We had pre-booked our ferry and left Lubeck with time to spare - that was until the German Dept of stuffing up Highways intervened. Whole sections of the highway were closed down and turned the place into a carpark. Lane filtering is illegal in Germany but we 'bent' the rules along with a couple of Finnish bikers and a German local. Still missed our allotted ferry so had a short wait. The 45 minute crossing was smooth and then we were in Scandinavia. First impressions were of flat well kept rural lands, plenty of road bridges, different Architectural style of the farm buildings and all cars have their headlights on during the day (this is a law in Denmark and Norway). We proceeded onto Copenhagen and to our prebooked suburban B&B. The suburban shopping area was a sea of bicycles with double storied bicycle racks at the rail station. The rural tidiness we had first observed unfortunately did not carry over to the urban area with graffiti an ever present eyesore. There was also a general air of untidiness which really surprised us - we had expected Denmark to be as neat as a pin.
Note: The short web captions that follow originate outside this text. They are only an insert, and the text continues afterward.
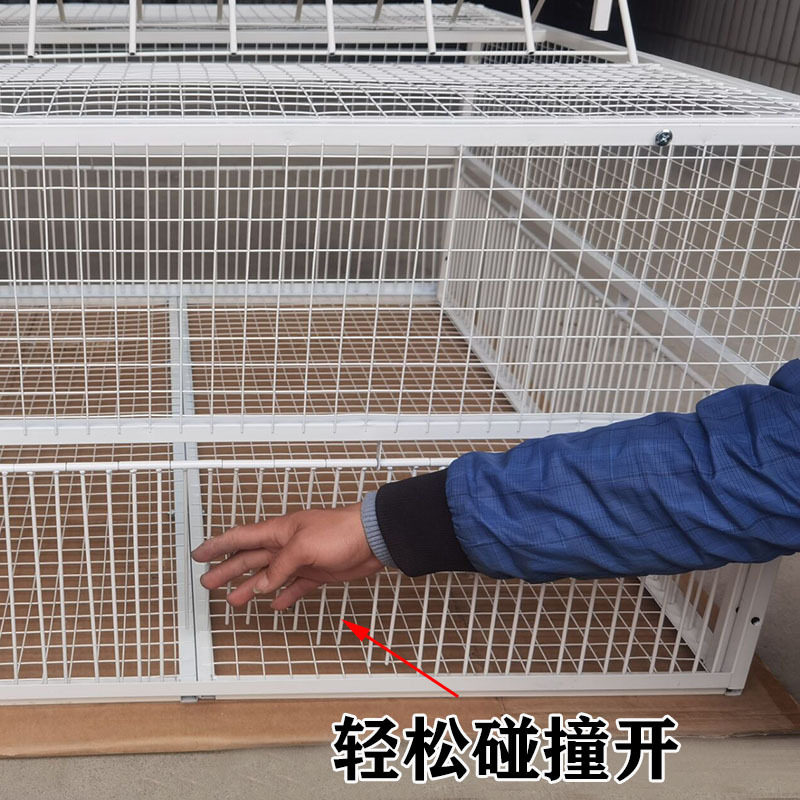 新款加密撞门笼天落笼子跳笼鸽子信鸽野外只活络进不出自动捕户外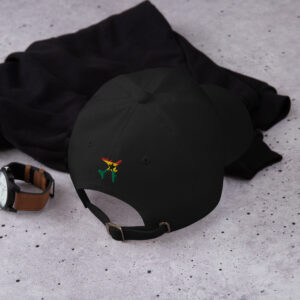 RepatriatetoGhana.com hat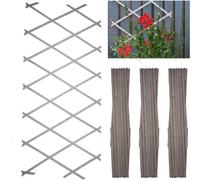 Divchi Wooden Trellis Expandable Garden Wall Trellis For Climbing Plants Decoration & Plants Partitioning Pack Of 3 180Cm X 30Cm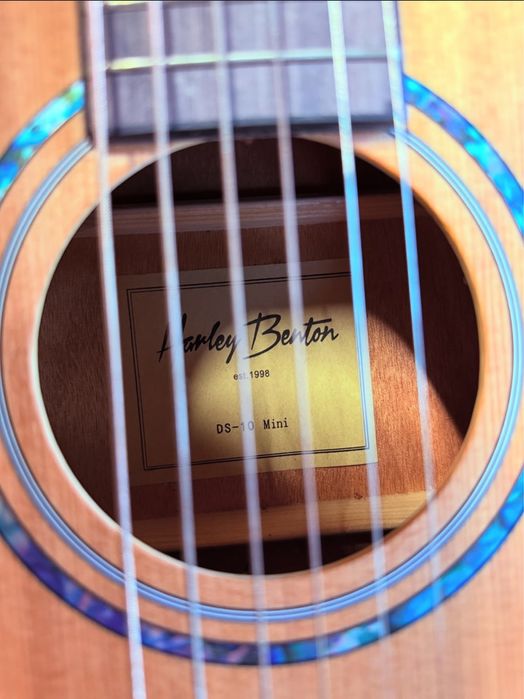 Guitarra Ds10 Mini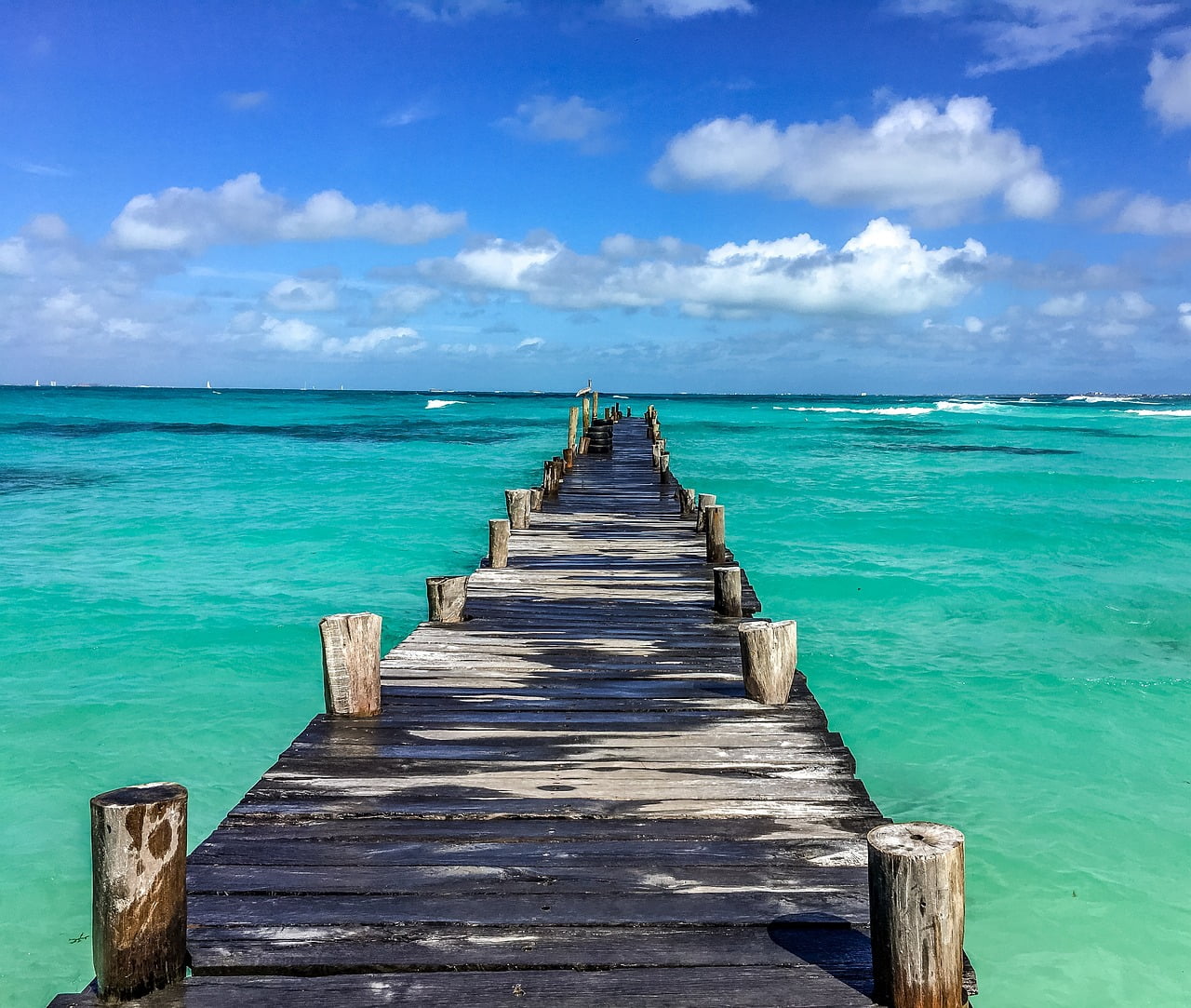 Mexican Fishing License 2023 | Tom's Catch Blog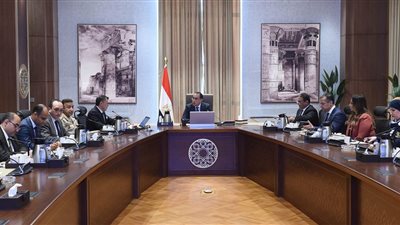 الحكومة: إجراءات مهمة ساهمت في نمو حركة السياحة إلى 11.7 مليون سائح وافد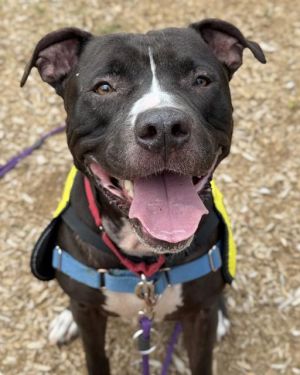 Hi My name is Kwame and I am available for adoption I was brought in by my previous owner on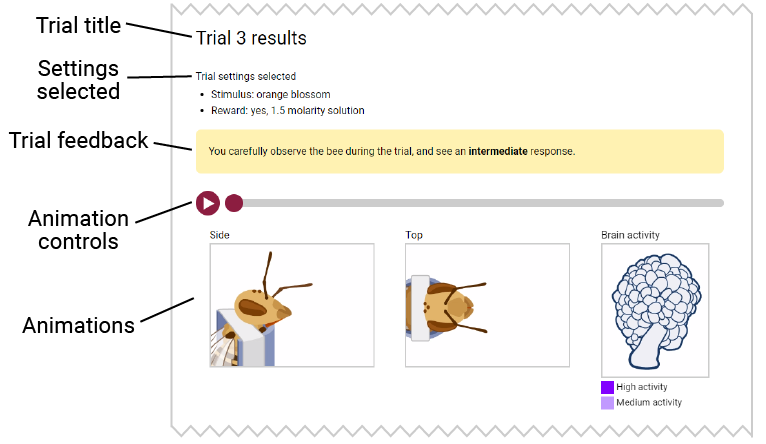 A screenshot of the top of the trial results section with the trial title, settings selected section, trial feedback, animation controls, and animations labeled.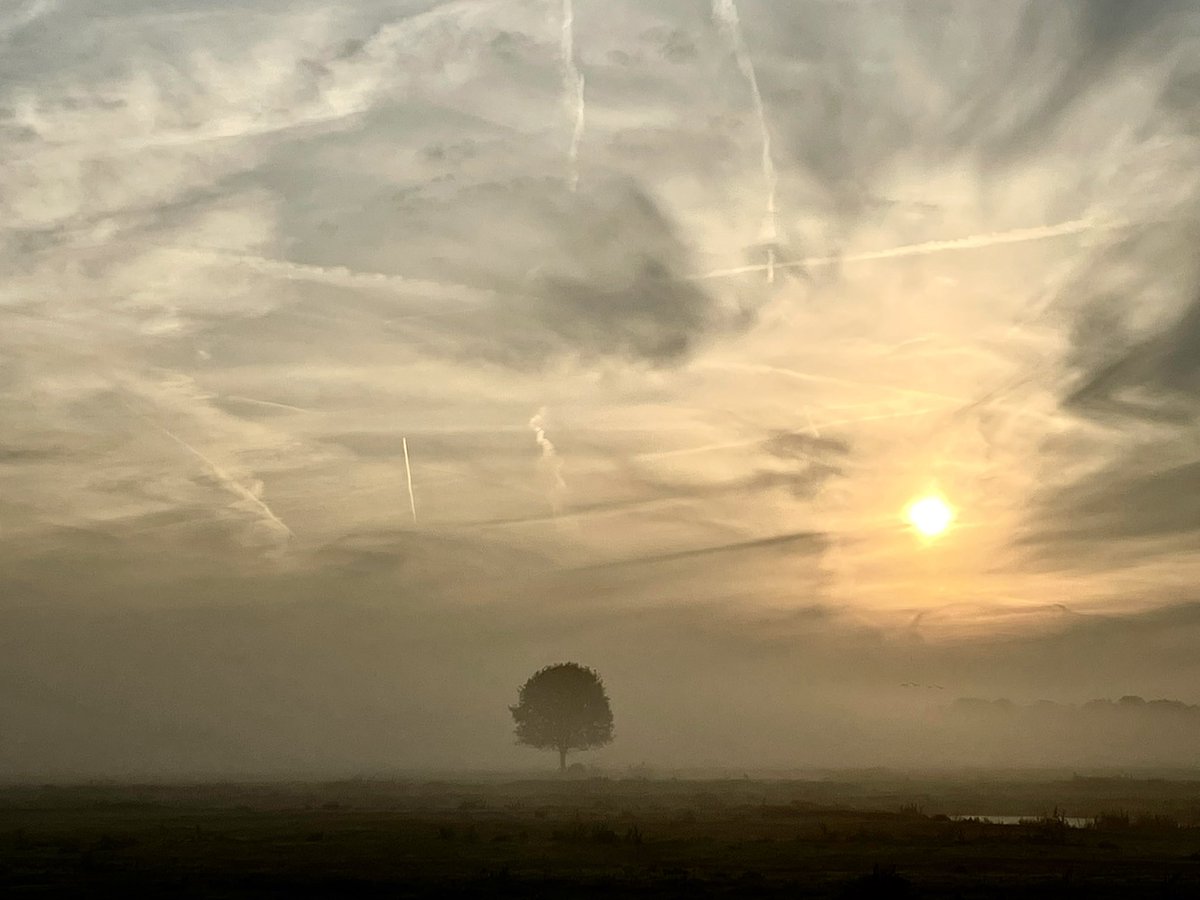 The lonely tree #krimpenerwaard #landscapephotography #naturephotograpahy #sunrise #fog #skypainters @weeronline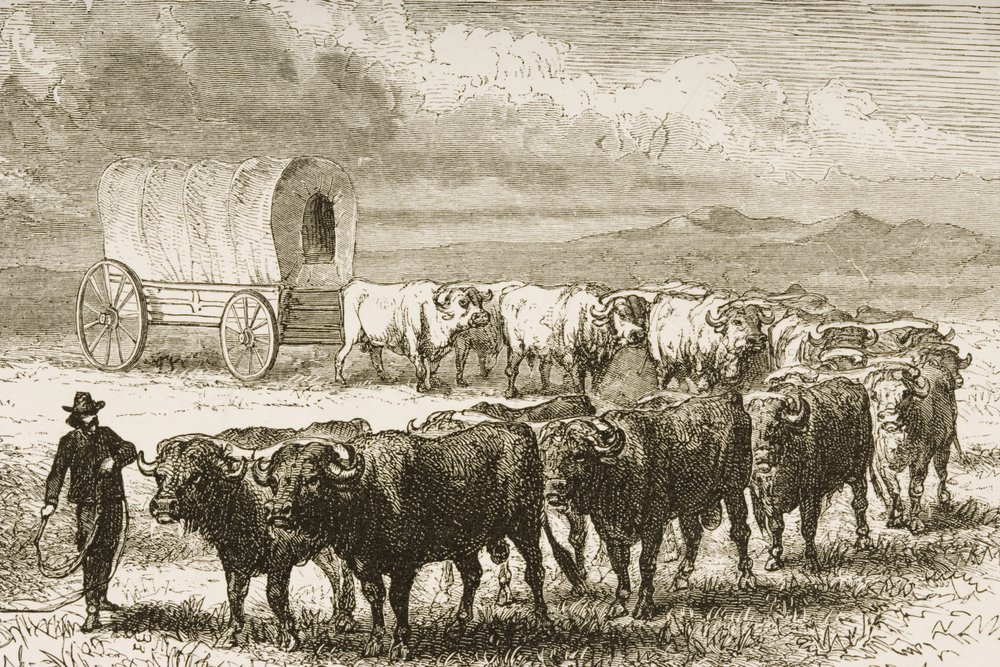 A Bullock Wagon Crossing the Great Plains between St. Louis and Denver, c.1870, from 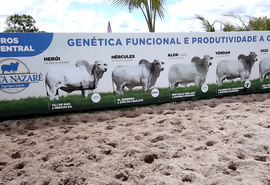 Leilão de Excelência Santa Nazaré promete movimentar o mercado de genética bovina em Alagoas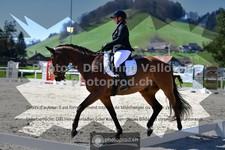 ref. photo 3559115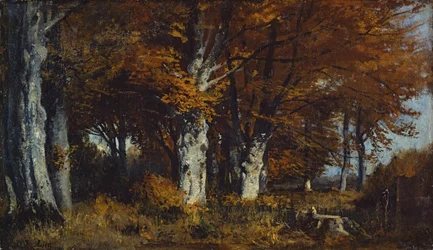 Beukenbos in de herfst
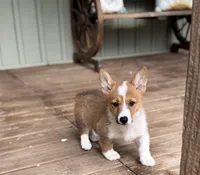 Kira, a female Pembroke Welsh Corgi for sale in Seymour, MO – Photo 3 of 10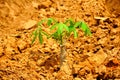 Cassava plants begin to grow young leaves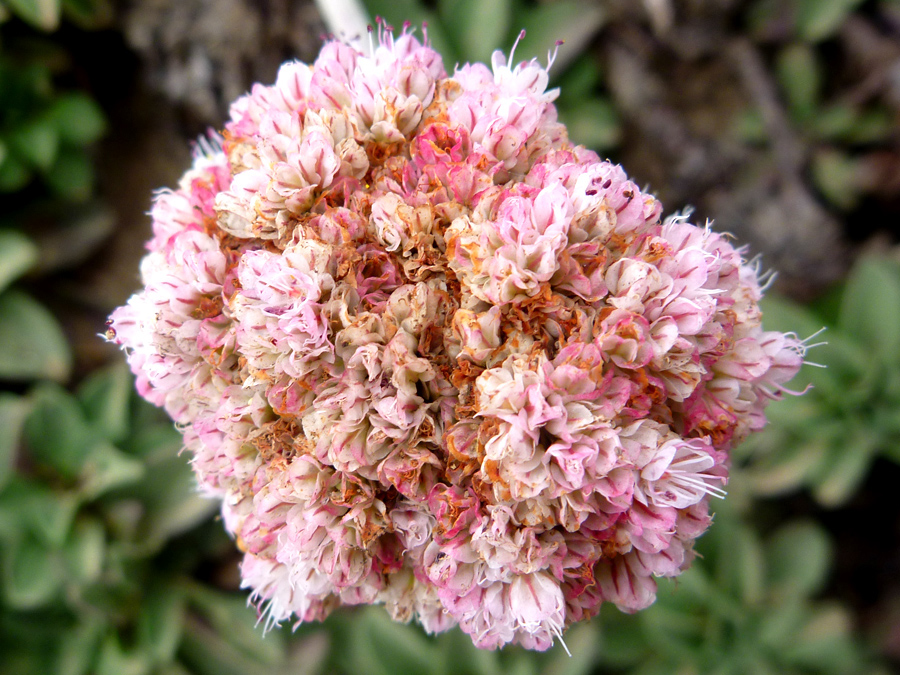 Light pink inflorescence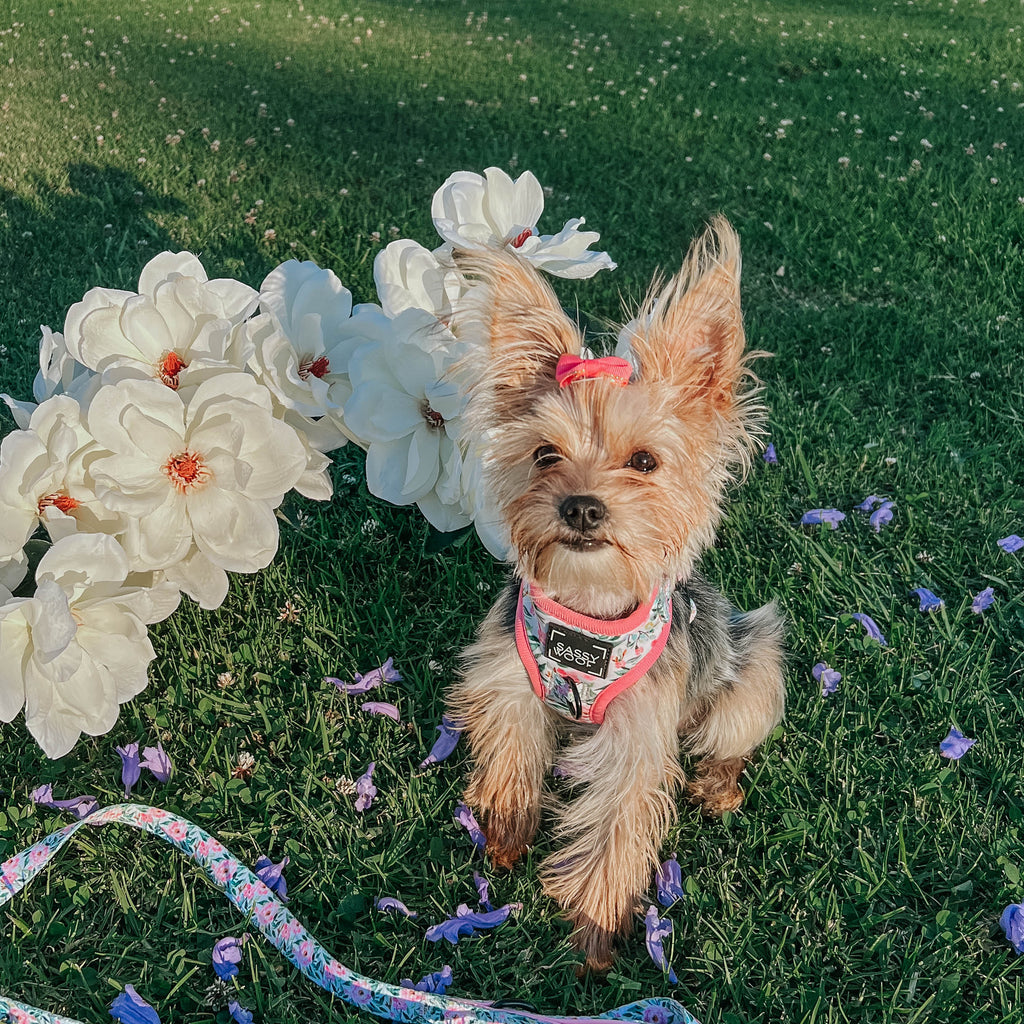 Dog Adjustable Harness - Magnolia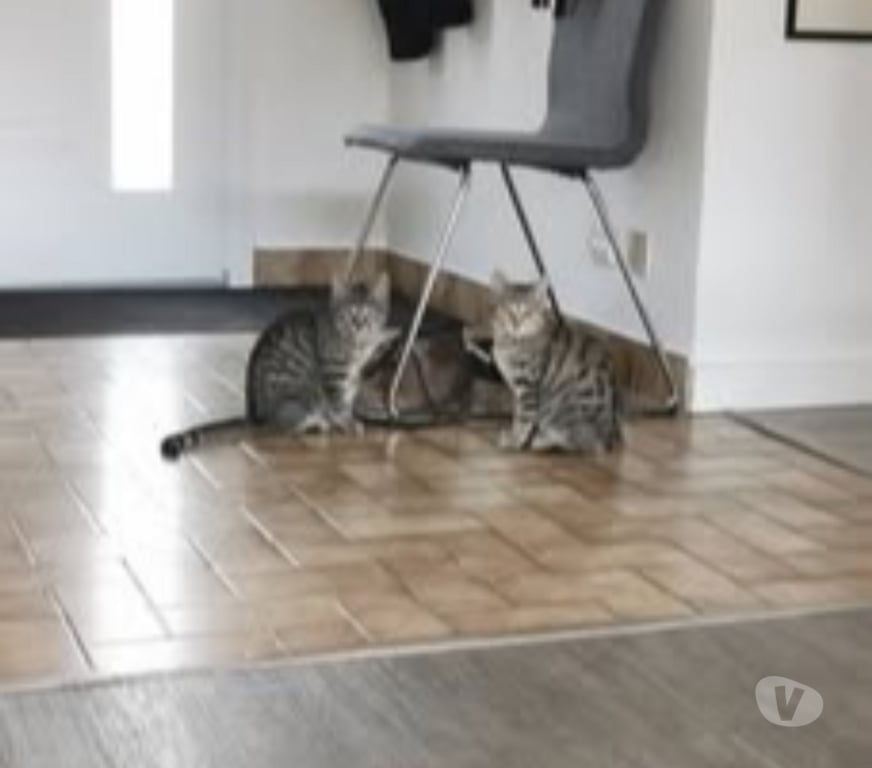 Don animaux Ardèche St Peray - 07130 - Photos Vivastreet Chat TIGRA à l adoption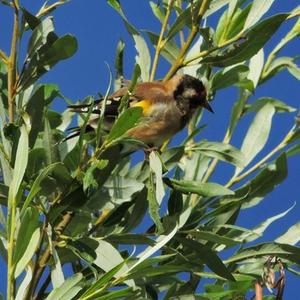 European Goldfinch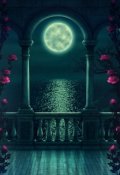 Обложка книги "Сказка о тайной любви"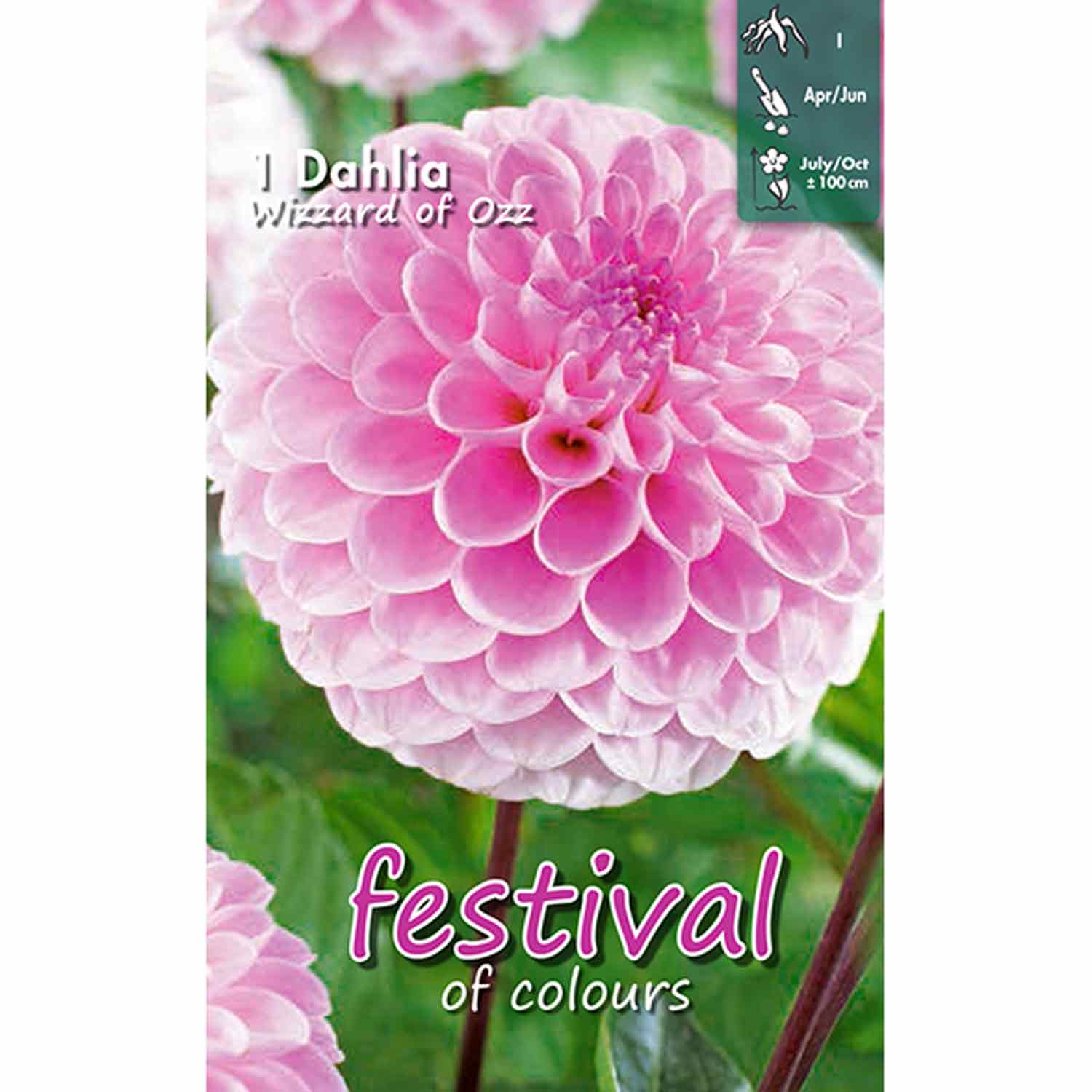 Dahlia Wizard of Oz Ball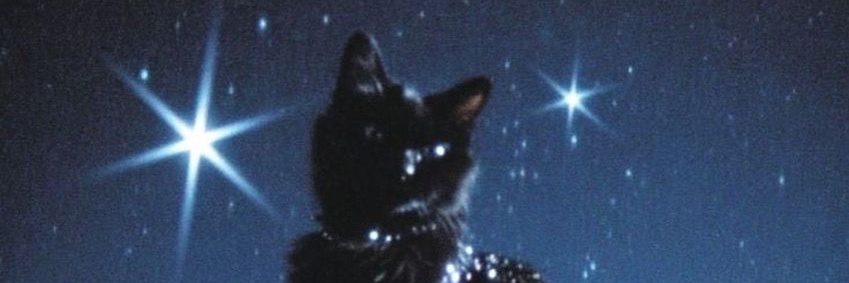 andybrainrot's profile banner image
Copenhagen itself has taken on the air of a construction site - apparently the Danes have decided they need a subway system and have been building one for the past decade with no end date in the foreseeable future. The locals have become conditioned to the disruptions and changes to bus routes etc. Whole sections of the city are 'under construction' and even in the most populous tourist areas dumpsters and demolition work compete with the retail sector. There are some lovely parts of the city - we watched the Changing of the Guard at the Amalienborg Castle and that was performed with the expected degree of pomp and ceremony. The Marble Church, the old wharf area (Nyhavn), new Opera House, Rosenberg Castle and Gardens and 'the Little Mermaid' are all noteworthy sites to visit. Also notable after so long in Europe is the increase in prices in Denmark and only to get worse in Norway. The home of Carlsberg and Tuborg has the most expensive beer we have encountered so far. Food, fuel, accommodation and public transport are all much more expensive than what we have left in Germany. We had a chance meeting with a local riding a Danish built Nimbus motorcycle from 1949. This in-line 4 cylinder military model with shaft drive and exposed overhead valves was as simple as a hammer and still giving reliable daily service to its owner.

We left Copenhagen late afternoon on the overnight ferry to Oslo. We had spent the day along the coastline north of the city where the Danes were enjoying the last days of their summer holidays in the sun and along the beach. It is a very relaxed area away from the bustle of the city.